Loo_moment_match for jagsUI models

Hi everyone!
I know this forum is mostly dedicated to stan, but maybe you can help me out. I want to use loo for model ranking but my models are a jagsUI object. Also, all models are returning a warning for the pareto-k diagnostic.

In summary, I have 7 hierarchical models, each one with a single covariate. I have 115 samples and I am essentially using logistic regression to fit those models. As an output from JAGS I am storing the beta coefficients (matrix with columns as the number of coefficients and rows for each iteration) and the log likelihood (matrix with 115 columns and nrows=n_iterations).

This is the output of loo for most models

loo(model$sims.list$log.like, r_eff = NA)

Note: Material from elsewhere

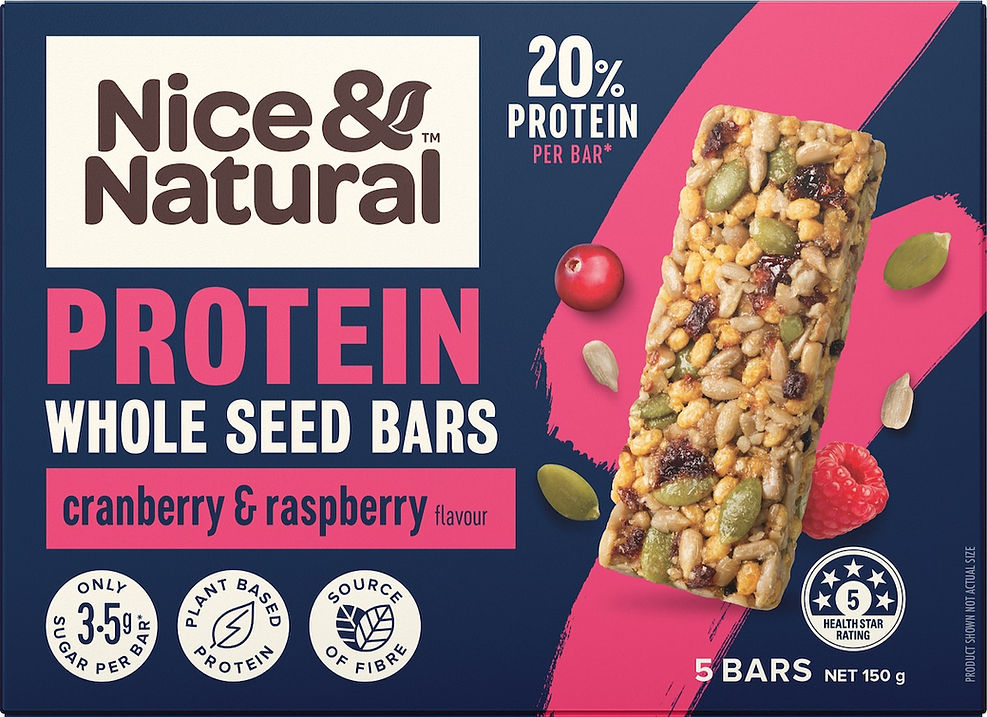 Nice & Natural Whole Seed Cranberry & Raspberry Protein Bar.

Computed from 24000 by 115 log-likelihood matrix

          Estimate    SE
elpd_loo  1246.0    95.6
p_loo     228.3     26.6
looic     2491.9   191.3

Monte Carlo SE of elpd_loo is NA.

 Pareto k diagnostic values:
                       Count    Pct.  Min. n_eff
(-Inf, 0.5]   (good)     84    73.0%   1206      
 (0.5, 0.7]   (ok)       19    16.5%   272       
  (0.7, 1]   (bad)       6     5.2%   19        
  (1, Inf)   (very bad)  6     5.2%   2         
See help('pareto-k-diagnostic') for details.
Warning message:
Some Pareto k diagnostic values are too high. See help('pareto-k-diagnostic') for details.

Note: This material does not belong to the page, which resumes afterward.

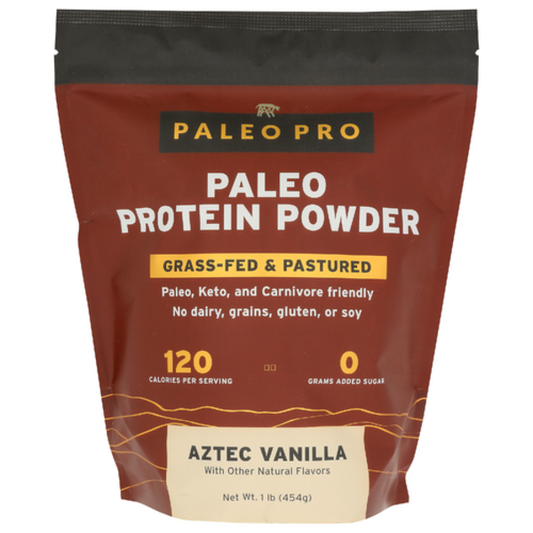 Bag of Paleo Pro Aztec Vanilla protein powder on a white background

I checked the documentation and saw that loo_moment_match could be used to solve this issue. However, for JAGS models I would have to specify the functions for post_draws, log_lik_i, unconstrain_pars, log_prob_upars, log_lik_i_upars. I know there was a similar question previously for how to specify this for rjags objects, however, since some time has pass I was wondering if there were any new developments and maybe someone has some example code of how to specify these functions.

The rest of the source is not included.